I’m referring to running mean (average can mean several things), I call it runny because it’s crap 😉
” you’re approaching this from a purist’s perspective” What is “purist” about not wanting your filter to invert the data, truncating and shifting peaks !?
In electronics Butterworth has some good qualities but how are you suggesting it is implemented? I strongly suspect Excel will implement this as an IIR formula which, depending on the frequencies, will mean it takes a considerable time to “spin up”. Except Excel (which doesn’t) will not tell you at which point it has converged to whatever accuracy you need. In fact you’re flying blind doing that sort of thing since you have NO WAY of knowing how much of the output is valid.
Neither will you know how much to offset the result by to keep it in phase with the original data.
Since, like the trailing R.M. that Paul did here, this introduces a phase shift. This sort of thing is KINDA important when you are looking for relationships in climate phenomena.

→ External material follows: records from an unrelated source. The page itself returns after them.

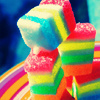A stack of colorful, striped, sugar-coated candy pieces with visible layers of red, orange, yellow, green, blue, and white arranged in a vertical cluster.
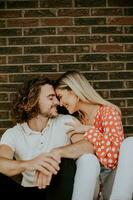 Smiling young couple in love sitting in front of house brick wall photo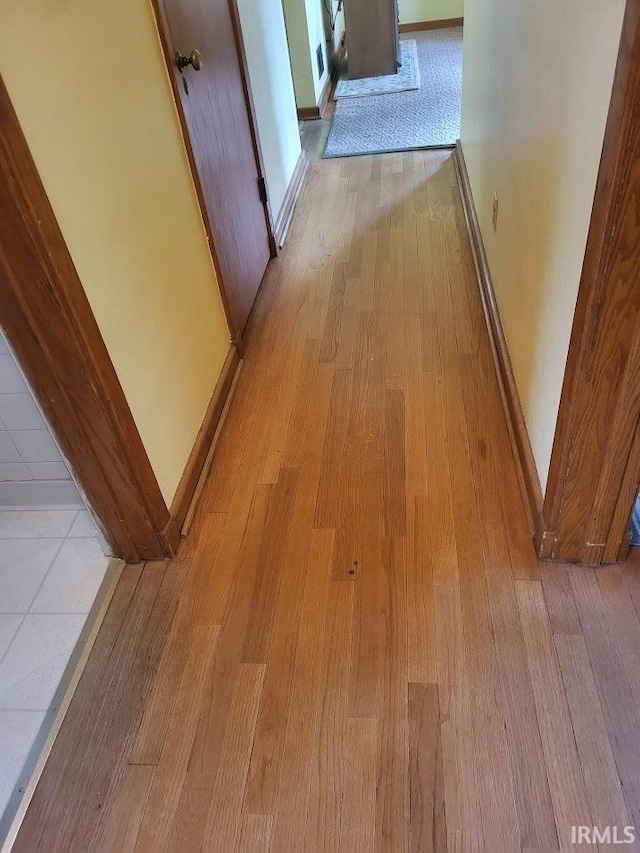 hall with light wood-type flooring and baseboards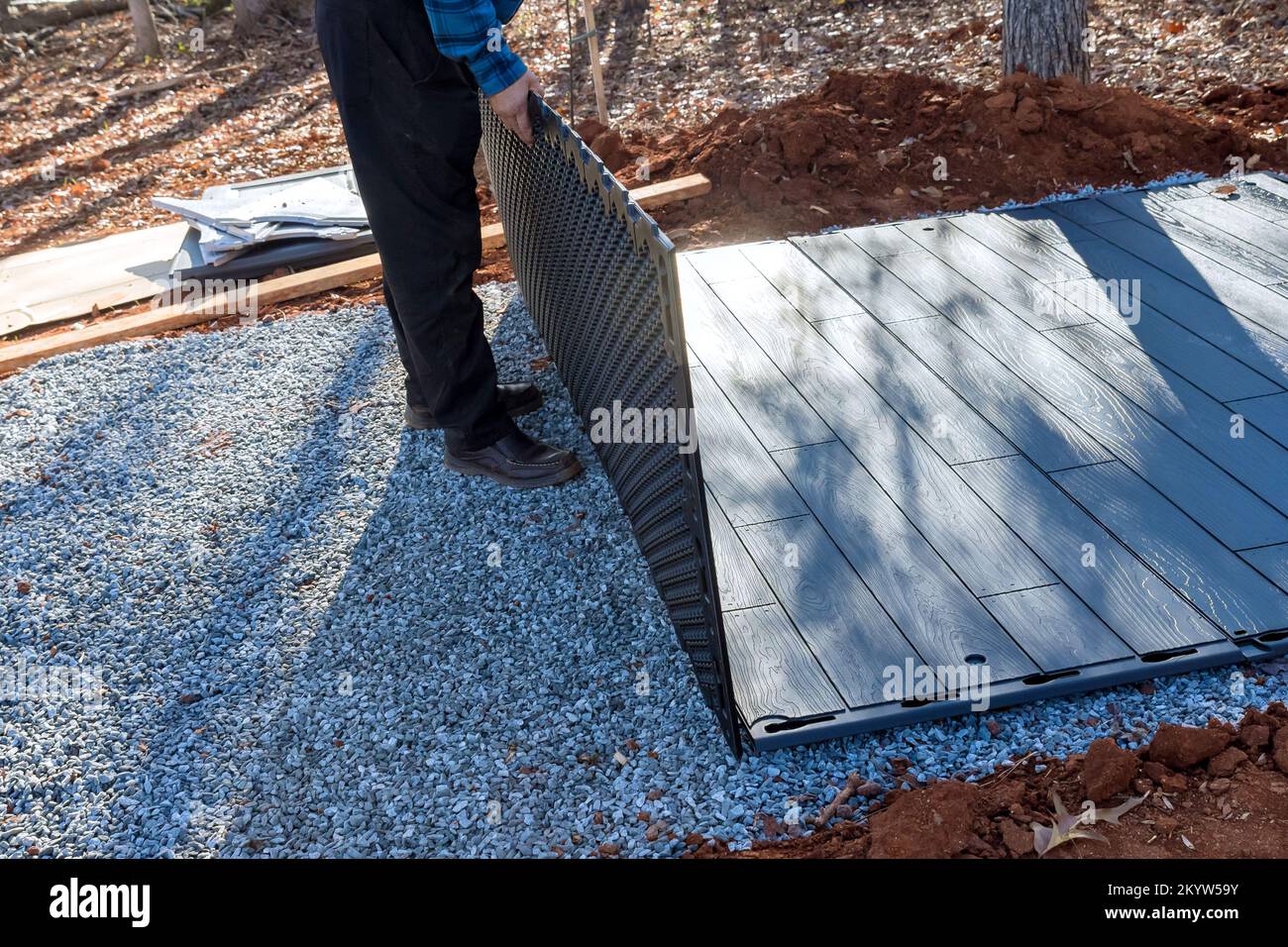 Putting together plastic shed for in back yard Stock Photo Alamy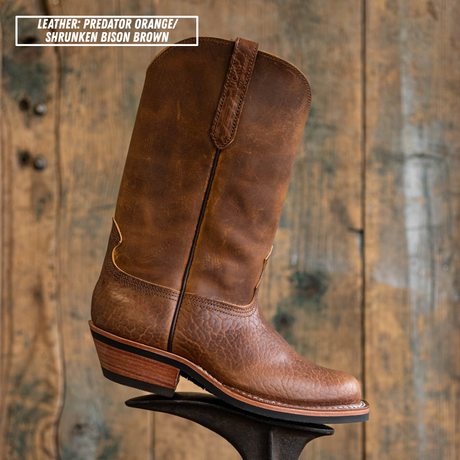Palouse western boot sitting on boot jack in front of wooden backdrop. Top left reads 'LEATHER: PREDATOR ORANGE/ SHRUNKEN BISON BROWN'.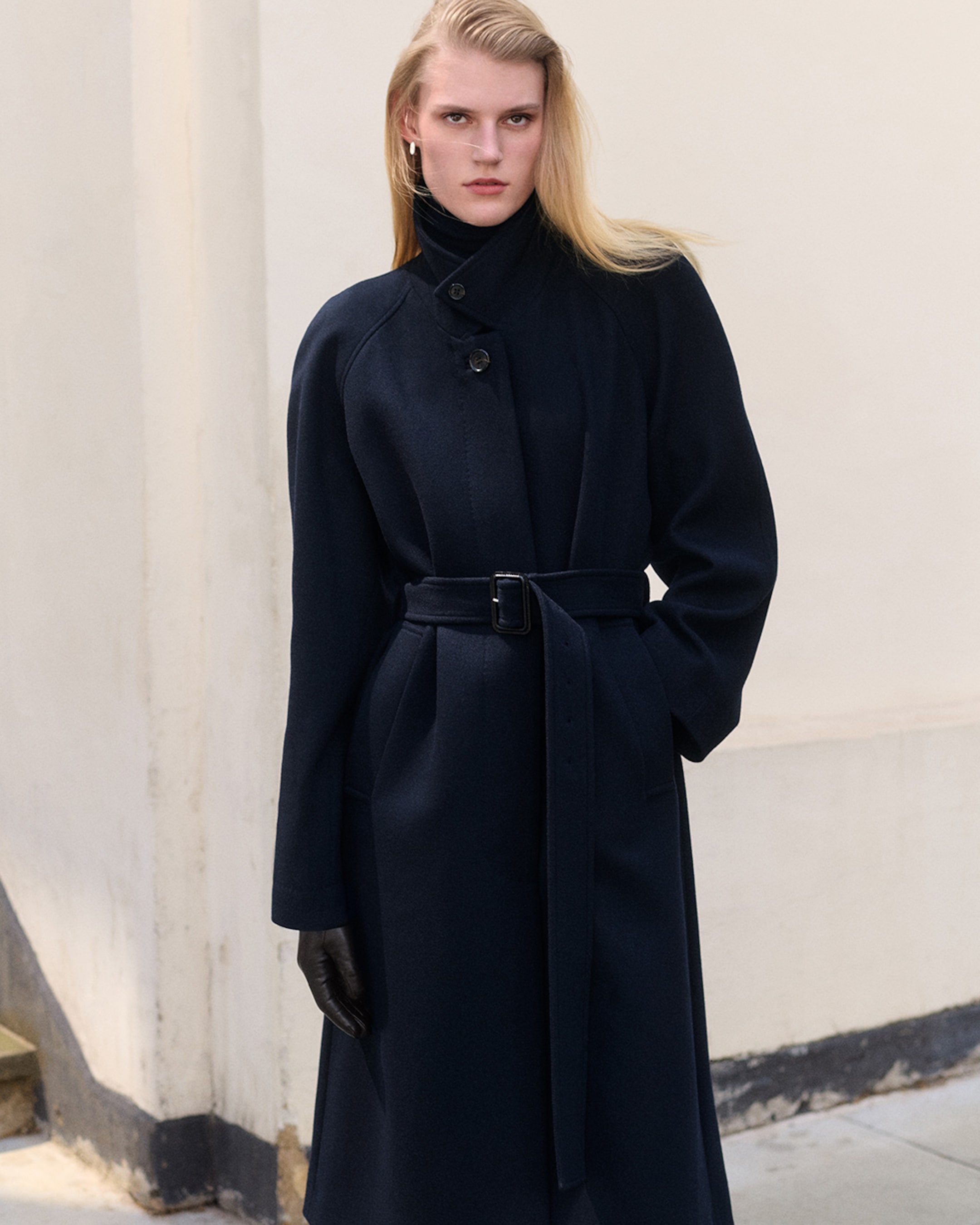 A person wearing a dark belted coat and gloves stands confidently in front of a light-colored wall.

This is not knit-picking purism, it’s the very essentials of digital signal processing.

cd_uk
November 5, 2012 2:49 am

P Solar
“Neither will you know how much to offset the result by to keep it in phase with the original data.”
Aaah…now I see. Was a bit slow there. I totally accept there will be an issue with phase shift, the other points are moot as far as I’m concerned.
Yes I do now see your point (even for the Butterworth filter) – i.e. where the final signal is a composite; I suppose you’d need to decompose the signal, do your Butterworth filter, and then – stepwise – add each component back individually with a phase shift. Wow, now that would be tedious.
“This is not knit-picking purism, it’s the very essentials of digital signal processing.”
The way I see it is, I don’t think signal fidelity is the aim of the filter. It is just a way to illustrate the trend. And for that, the moving average works fine. But, thanks for the thoughts and remember warmists love to fixate on things like this, it moves the argument away from the core of the issue.